While you can never be sure how you’re landing in the room, I walked away feeling quietly confident. A week passed. Then two. Nothing but crickets! And then finally, the email came, wanting to thank me for my time, and to let me down easy. We always imagine that adulthood, and our carefully tailored professional suit of armor will protect us. But if I’m being honest, it still hurt. And I was not the better of it for a few days after. Because suddenly, I was nine years old again, standing on the edge of the kickball field, the last one picked, pretending not to care – when in fact I did.
Why Rejection Hurts So Much
Why does rejection still feel so personal—even when we know, rationally, it may not be? I think it’s because as humans we are hardwired to seek connection. In our evolutionary past, rejection from the group often meant isolation—and maybe death. So it’s no surprise that the sting of rejection registers powerfully in the brain. In fact, MRI studies have shown that the same regions of the brain activated by physical pain also light up during experiences of social rejection. That’s why getting dumped, or ghosted (or even a nicely worded email) can feel like being punched in the gut. Your brain treats it like you’ve been physically wounded.
But the pain of rejection isn’t just physical—it’s also psychic. The human brain is a meaning-seeking machine, and so we tend to look for narrative where often they may be none. We don’t think, “Too bad, I guess that wasn’t a good fit.” Instead, we may think, “I wasn’t good enough.” Rejection has a sneaky way of tapping into our deepest insecurities. “Maybe I’m just not interesting enough. Or smart enough. Or polished enough.” Take your pick. Rejection then becomes a kind of funhouse mirror in which we see only the worst possible version of ourselves reflected back. Ouch!
Nobody Knows Anything
Rejection, while it may sting, rarely tells us anything conclusive about ourselves. It’s far more likely to reveal something about the other person’s preferences, priorities, blind spots or timing.
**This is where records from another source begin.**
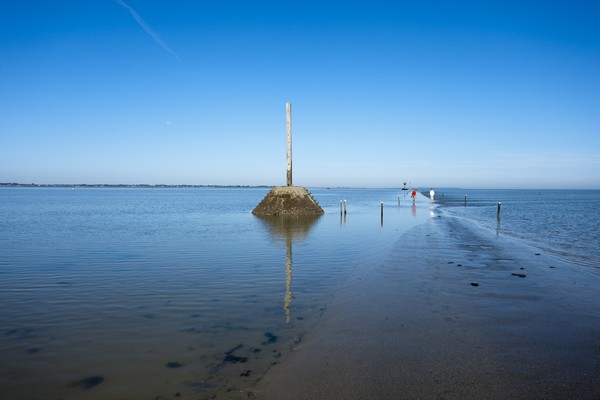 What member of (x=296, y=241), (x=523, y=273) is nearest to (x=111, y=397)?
(x=523, y=273)

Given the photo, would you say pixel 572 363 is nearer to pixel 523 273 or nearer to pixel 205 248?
pixel 523 273

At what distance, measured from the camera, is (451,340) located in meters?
6.85

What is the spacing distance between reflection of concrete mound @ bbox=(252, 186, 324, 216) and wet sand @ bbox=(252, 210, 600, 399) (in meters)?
25.1

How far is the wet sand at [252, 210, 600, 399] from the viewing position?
16.9 feet

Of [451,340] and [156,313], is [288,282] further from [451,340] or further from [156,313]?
[451,340]

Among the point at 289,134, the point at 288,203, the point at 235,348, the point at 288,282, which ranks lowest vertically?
the point at 288,282

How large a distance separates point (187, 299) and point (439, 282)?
7421mm

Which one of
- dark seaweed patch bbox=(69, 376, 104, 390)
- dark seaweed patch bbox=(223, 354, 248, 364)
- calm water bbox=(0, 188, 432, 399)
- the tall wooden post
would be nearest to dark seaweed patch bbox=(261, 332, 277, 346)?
calm water bbox=(0, 188, 432, 399)

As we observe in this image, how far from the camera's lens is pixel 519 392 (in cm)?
500

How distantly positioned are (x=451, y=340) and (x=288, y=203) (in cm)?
3120

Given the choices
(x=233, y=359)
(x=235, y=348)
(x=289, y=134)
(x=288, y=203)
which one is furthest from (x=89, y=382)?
(x=289, y=134)

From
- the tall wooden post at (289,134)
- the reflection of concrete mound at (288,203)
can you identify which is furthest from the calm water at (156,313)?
the tall wooden post at (289,134)

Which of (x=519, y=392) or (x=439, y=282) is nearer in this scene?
(x=519, y=392)

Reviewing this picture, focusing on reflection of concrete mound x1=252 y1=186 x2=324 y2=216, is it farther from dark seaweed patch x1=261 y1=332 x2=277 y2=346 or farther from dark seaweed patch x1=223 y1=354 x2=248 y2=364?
dark seaweed patch x1=223 y1=354 x2=248 y2=364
History is full of embarrassing rejection letters that have not aged well. Most famously, there was the one sent to Brian Epstein, the manager of a new band from Liverpool. After an audition with Decca Records in 1962, Epstein received a letter from Dick Rowe, the head of A&R, who was passing on the band because “guitar groups are on the way out.” The band, of course, was The Beatles.
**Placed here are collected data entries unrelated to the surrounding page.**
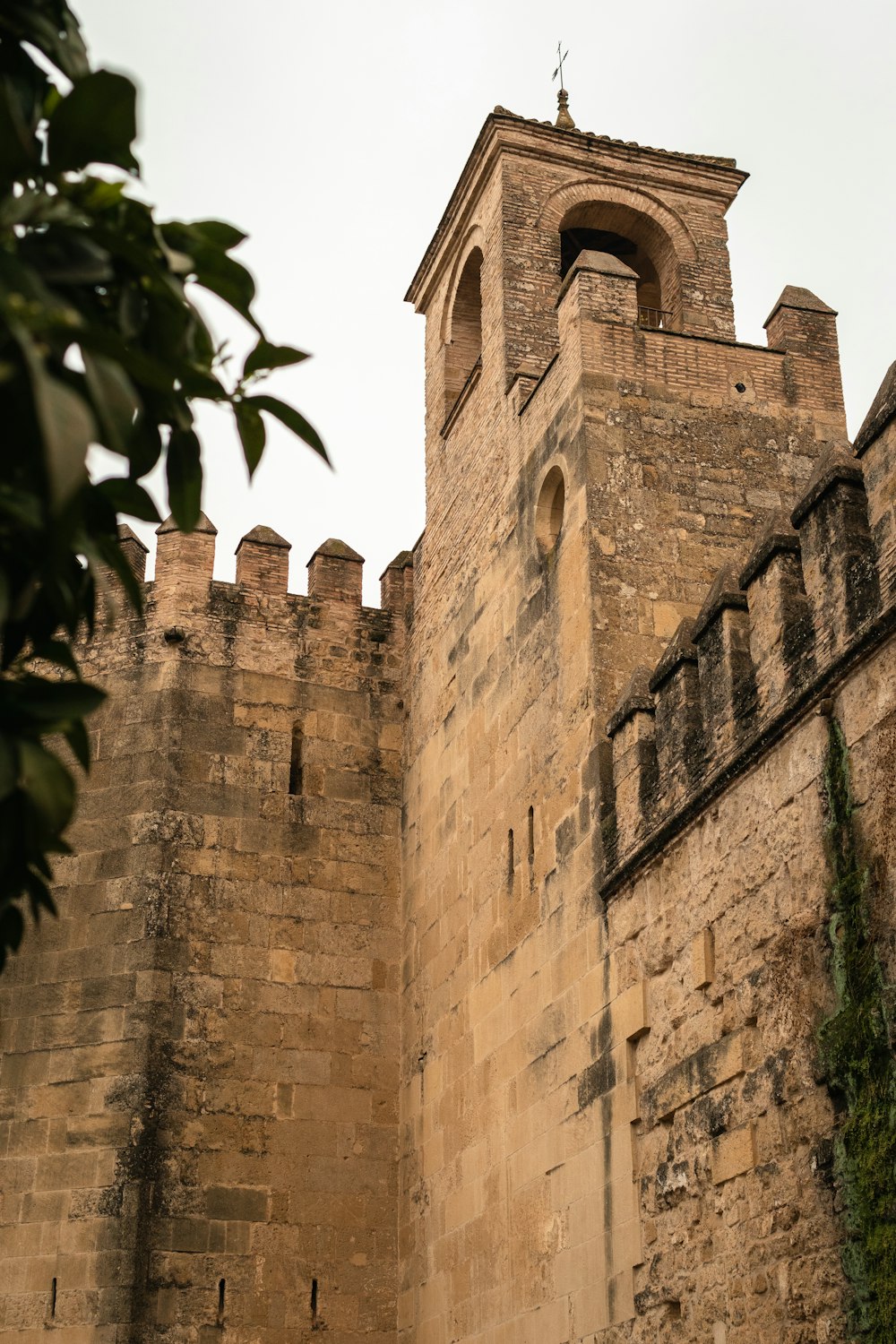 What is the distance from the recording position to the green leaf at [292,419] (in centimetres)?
253

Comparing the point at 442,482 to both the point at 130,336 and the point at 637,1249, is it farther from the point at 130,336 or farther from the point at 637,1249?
the point at 130,336

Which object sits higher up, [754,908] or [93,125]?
[754,908]

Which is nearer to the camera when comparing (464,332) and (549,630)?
(549,630)

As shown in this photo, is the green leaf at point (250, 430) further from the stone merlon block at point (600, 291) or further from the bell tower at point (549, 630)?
the stone merlon block at point (600, 291)

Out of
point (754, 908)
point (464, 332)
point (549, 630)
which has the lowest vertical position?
point (754, 908)

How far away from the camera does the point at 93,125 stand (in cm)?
227

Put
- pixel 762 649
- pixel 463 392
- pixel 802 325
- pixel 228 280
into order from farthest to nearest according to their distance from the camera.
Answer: pixel 463 392, pixel 802 325, pixel 762 649, pixel 228 280

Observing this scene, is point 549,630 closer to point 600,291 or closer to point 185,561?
point 600,291

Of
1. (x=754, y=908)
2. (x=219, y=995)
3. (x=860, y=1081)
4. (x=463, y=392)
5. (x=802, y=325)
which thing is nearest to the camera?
(x=860, y=1081)

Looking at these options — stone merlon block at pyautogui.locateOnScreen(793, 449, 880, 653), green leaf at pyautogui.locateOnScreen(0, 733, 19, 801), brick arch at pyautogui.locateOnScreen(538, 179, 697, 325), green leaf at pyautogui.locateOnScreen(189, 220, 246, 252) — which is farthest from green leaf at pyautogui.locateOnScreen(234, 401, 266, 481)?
brick arch at pyautogui.locateOnScreen(538, 179, 697, 325)

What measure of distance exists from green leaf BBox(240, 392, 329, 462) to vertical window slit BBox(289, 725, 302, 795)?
10.4 metres

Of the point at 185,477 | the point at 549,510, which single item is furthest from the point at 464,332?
the point at 185,477

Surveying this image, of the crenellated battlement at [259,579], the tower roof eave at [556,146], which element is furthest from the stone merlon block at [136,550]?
the tower roof eave at [556,146]

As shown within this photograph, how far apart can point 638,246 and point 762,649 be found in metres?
6.84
Before she became a publishing phenomenon, legend has it that J.K. Rowling’s Harry Potter and the Philosopher’s Stone was rejected by 12 publishers, all telling her it was “too long” and that “children just aren’t reading that much anymore.” Even Steven Spielberg was rejected twice by the University of Southern California’s film school who saw no promise in the young filmmaker. A few years later, he directed Jaws. It’s tempting now to laugh at these pronouncements, but I think there is also a good lesson here: nobody really knows anything. The gatekeepers are human and flawed, just like us. At some point, we all will make the wrong call, overlook somebody, or fail to recognize a good idea when it’s staring us in the face.
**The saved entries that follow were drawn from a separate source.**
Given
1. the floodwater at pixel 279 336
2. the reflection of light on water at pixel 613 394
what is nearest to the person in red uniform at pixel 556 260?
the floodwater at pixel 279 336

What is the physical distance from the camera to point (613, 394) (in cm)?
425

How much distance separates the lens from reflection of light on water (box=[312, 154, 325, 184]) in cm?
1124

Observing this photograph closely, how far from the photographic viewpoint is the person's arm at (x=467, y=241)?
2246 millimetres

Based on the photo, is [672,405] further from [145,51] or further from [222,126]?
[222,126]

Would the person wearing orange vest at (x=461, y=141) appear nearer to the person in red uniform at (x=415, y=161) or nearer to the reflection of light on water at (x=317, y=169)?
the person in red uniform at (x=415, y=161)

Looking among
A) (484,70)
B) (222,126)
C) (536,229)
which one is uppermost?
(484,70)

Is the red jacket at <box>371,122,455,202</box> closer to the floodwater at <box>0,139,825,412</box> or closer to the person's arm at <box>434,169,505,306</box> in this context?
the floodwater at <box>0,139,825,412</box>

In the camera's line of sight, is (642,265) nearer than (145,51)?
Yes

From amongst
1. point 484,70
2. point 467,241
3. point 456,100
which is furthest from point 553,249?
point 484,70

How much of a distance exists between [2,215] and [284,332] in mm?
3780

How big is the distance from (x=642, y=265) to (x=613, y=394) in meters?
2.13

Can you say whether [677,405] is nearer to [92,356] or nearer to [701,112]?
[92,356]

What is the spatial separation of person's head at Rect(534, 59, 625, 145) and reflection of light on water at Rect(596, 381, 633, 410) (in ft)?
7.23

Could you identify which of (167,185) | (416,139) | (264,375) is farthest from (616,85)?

What Rejection Can Teach Us
While nobody likes to hear the word “No” – perhaps it may offer some useful information? What about the project / offering / proposal did not land? Maybe there is a chance to improve upon it, or take it in a different direction? Pixar’s famous philosophy of creativity can be summed up by the phrase: “Fail fast, fail early, fail often.” In this way, failure is seen not as the enemy, but as an essential part of getting to something good, and therefore to be welcomed.
We might also recognize that rejection is rarely a verdict on our fundamental worth, but rather a sophisticated form of “compatibility assessment.” When someone declines our romantic advances, turns down our job application, or rejects our creative work, they are not declaring us deficient as human beings. They are simply acknowledging a mismatch between what they need and what we offer. Some people like opera; we play jazz. C’est la vie. The rejection becomes less a judgment of our intrinsic value and more an external sorting mechanism that can save us from relationships, roles, or situations that might ultimately not suit us at all.
Rejection can also serve as a useful guide to clarifying our values, and level of commitment. How much did you really want that job, relationship, opportunity? Was it a passing whim – or something you’re willing to fight for? If it’s the latter, then no amount of rejection should keep you from it. Each “no” we encounter offers us a chance to recommit to our idea—a skill that is invaluable in a world that rarely arranges itself according to our preferences.
Finally, we might embrace rejection as one of life’s more reliable teachers of resilience and humility. Nobody wins an Oscar every time. What matters is that we keep showing up—with better ideas, a stronger vision, and thicker skin. Rejection will always be part of the process. But history has shown, again and again, that it doesn’t get the last word.